**TASK PROMPT:** Please transcribe only the lines between the one containing "fmbet55.com" and the end of the records, both ends included, exactly as written; skip every picture.

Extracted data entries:
################

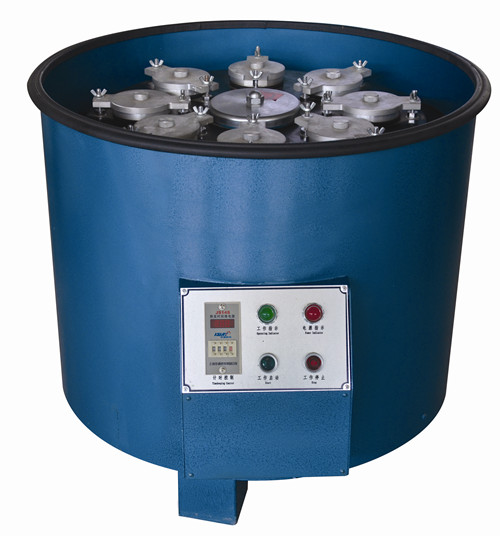 免费99精品国产自在在线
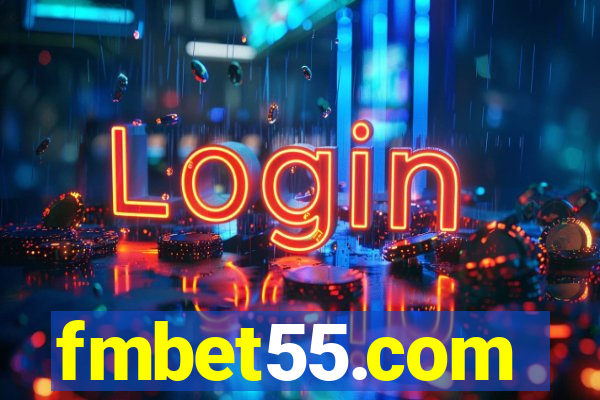 fmbet55.com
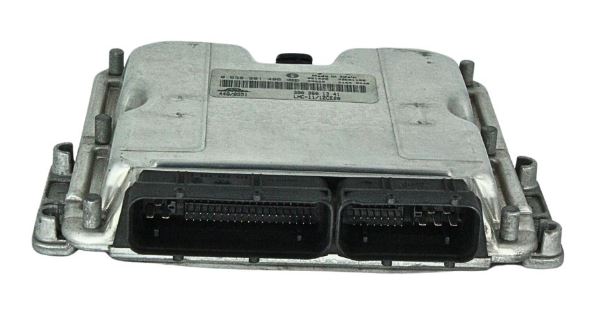 Centralina LHC 11-12 - <p>Centralina LHC 11-12</p><p><strong>ORIGINAL</strong></p>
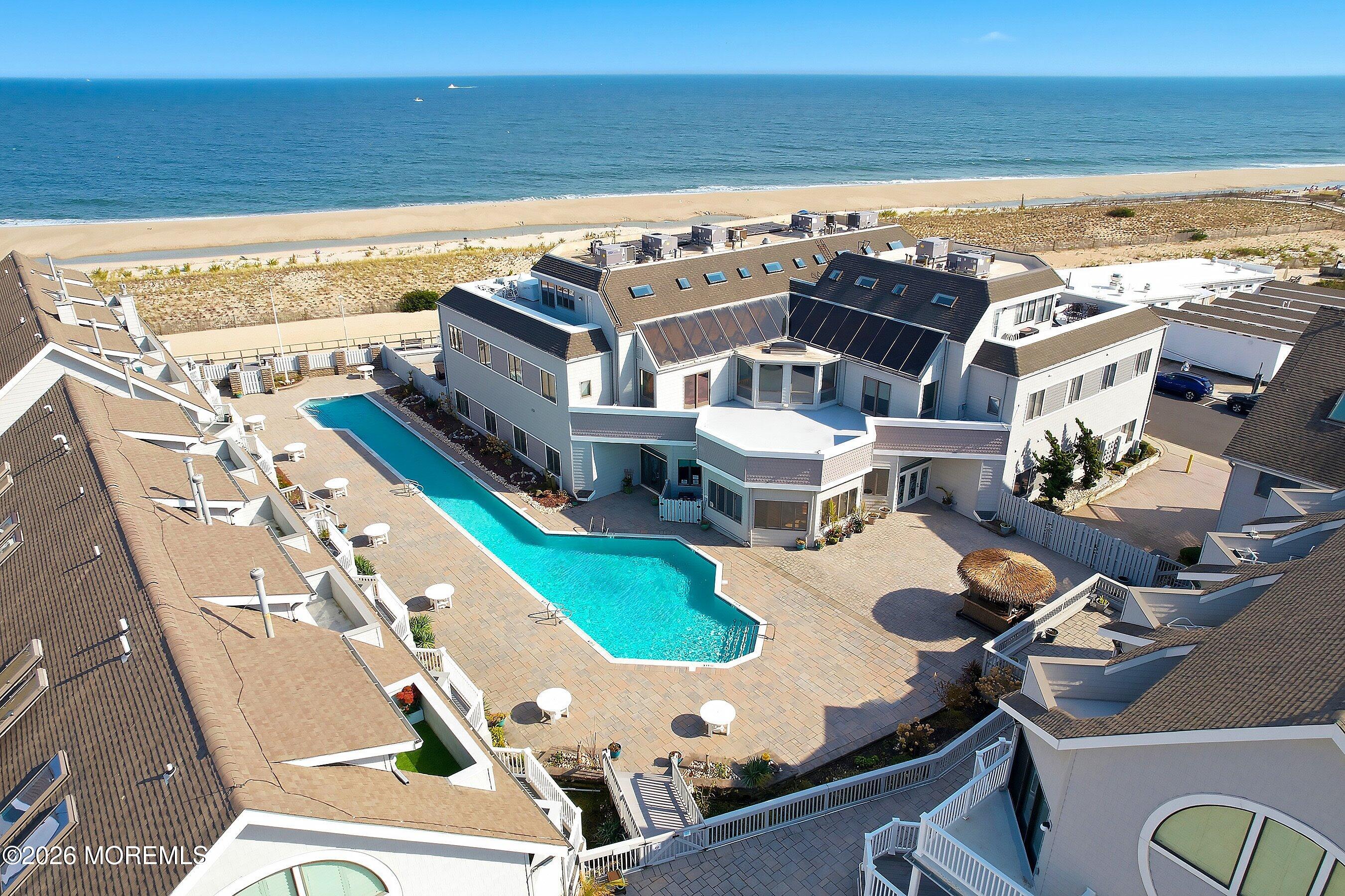 900 Ocean Avenue Point Pleasant Beach NJ 08742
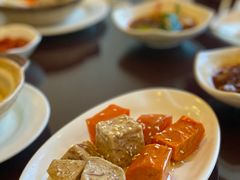 -金泰食府(竹园店)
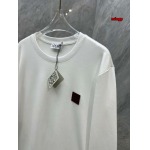 2024年11月26日秋冬高品質新品入荷LOEWE 長袖 Tシャツmpai工場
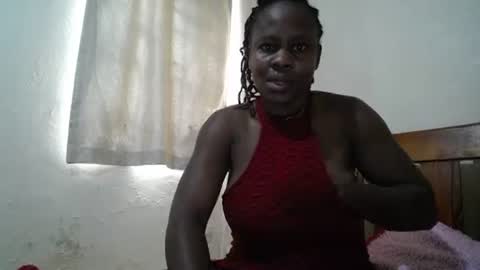 Snapshot of kinky_kaiya chatting on September 2025 07:10:02 AM kaiya online show from September 2025 07:10:02 AM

################

**WRITTEN RESPONSE:**
 fmbet55.com
 Centralina LHC 11-12 - <p>Centralina LHC 11-12</p><p><strong>ORIGINAL</strong></p>
 900 Ocean Avenue Point Pleasant Beach NJ 08742
 -金泰食府(竹园店)
 2024年11月26日秋冬高品質新品入荷LOEWE 長袖 Tシャツmpai工場
 Snapshot of kinky_kaiya chatting on September 2025 07:10:02 AM kaiya online show from September 2025 07:10:02 AM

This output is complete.